Payment types - fiduciary vs cashless

Fiduciary money

Fiduciary money transfer

When a payment is made in cash, monetary units are transferred directly from the payer to the beneficiary without the need for intermediation by a third party. Cash transfers provide immediate finality, so the beneficiary can immediately use the money received to make another payment.

Cashless means of payment

Cashless money transfer

Cashless payments
require the involvement of the payment service providers that hold the accounts of the two parties to a transaction. It is the two service providers that effectively make the payment – a transfer of monetary units – by entering the corresponding amounts in their accounts (for example, by debiting the payer’s account and crediting that of the beneficiary).

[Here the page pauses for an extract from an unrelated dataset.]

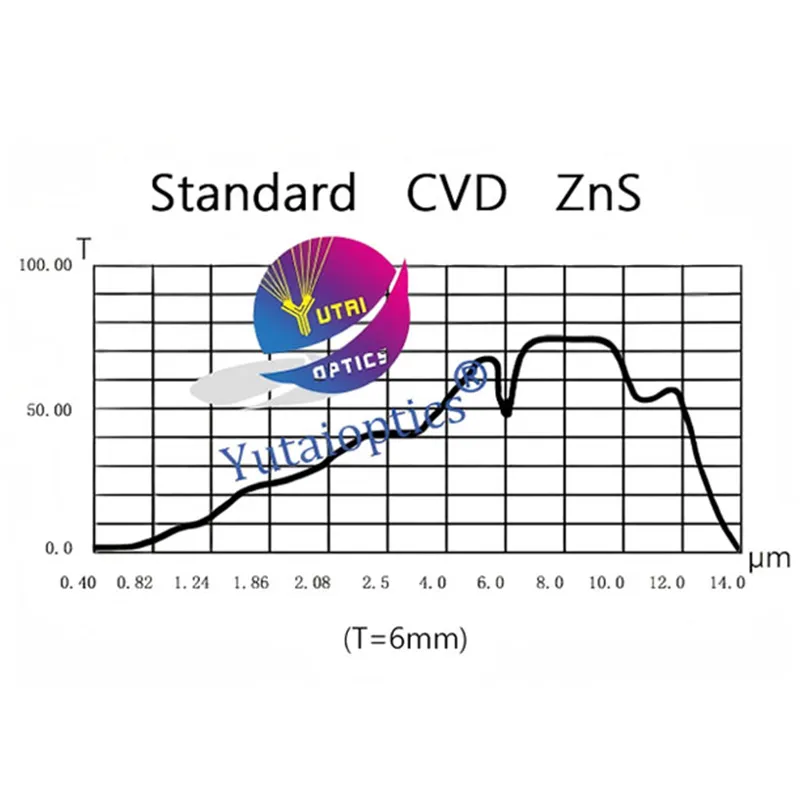 Инфракрасные стандартные линзы ZnS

Cashless means of payment thus initiate transactions between the service providers that hold the parties’ accounts. The transactions are subsequently settled by means of an interbank payment between the providers.

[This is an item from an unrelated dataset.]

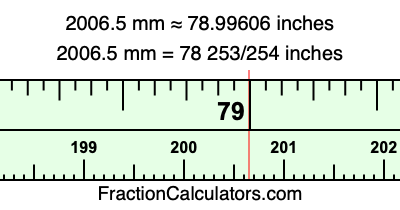 2006.5 mm in inches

Payment instruments - cashless payments classification

We can classify cashless payments to:

  • credit transfers
    based on an instruction from the payer to their payment service provider, the payer’s account is debited and that of the beneficiary credited with a specified amount. Payment instructions are usually transmitted electronically (via online banking orders, file transfers, etc.). In Europe, on 1 August 2014, SEPA transfers permanently replaced the various “national” credit transfer instruments previously used.
  • direct debits
    based on an instruction from the beneficiary to their payment service provider, a payer’s account is debited. In Europe, on 1 August 2014, SEPA direct debits permanently replaced the various “national” direct debit instruments previously used. With SEPA direct debits, the payer authorises the beneficiary – under a direct debit mandate – to begin debiting their account. Setting up a SEPA direct debit does not guarantee that the beneficiary will be paid: the payer’s payment service provider may be forced to reject a direct debit if, say, there are insufficient funds in the payer’s account.
  • cheques
    written payment orders whereby the holder of a payment account (the “drawer”) instructs the payment service provider (“drawee”) to pay a specified amount to the beneficiary. Although the specified amount in the drawer’s account is legally signed over to the beneficiary as soon as the cheque is signed, there remains a risk that the beneficiary may not be paid if there are insufficient funds in the drawer’s account. For this reason, mechanisms were put in place to prevent cheques without sufficient funds from being issued, and France’s lawmakers appointed the Banque de France to maintain the Central Cheques Register, in which reports filed by banks on payment incidents involving bad cheques issued by their customers are recorded, among other items.
  • payment in electronic money
    which is also considered to be a cashless payment method. In Article L. 315‑1 of the French Monetary and Financial Code, electronic money is defined as “a monetary amount that is stored in electronic form and represents a claim on its issuer”. It must also meet a number of conditions, including being issued against receipt of funds and being accepted as payment by a natural or legal person other than the issuer. Holders of electronic money must credit their account with their electronic money institution before they can use it. They can then draw on the account by paying for purchases by card or online, in the knowledge that the total sum of all payments made using the account can never exceed the amount deposited in it. One of the key advantages of the electronic money system is that it is an easy way to make payments up to a given ceiling, making it particularly suitable for e‑commerce.
  • commercial paper
    marketable securities representing a commitment to pay an amount of money to the bearer and used for payment thereof. In France for example, this type of instrument includes two main categories: promissory notes and bills of exchange.
    • promissory note
      is a written order whereby a client agrees to pay a specified sum of money on a given date to their supplier, the beneficiary.
    • bill of exchange
      is a written order whereby a creditor instructs a debtor to pay a specified sum of money on a given date to the creditor himself or to a third party (the beneficiary).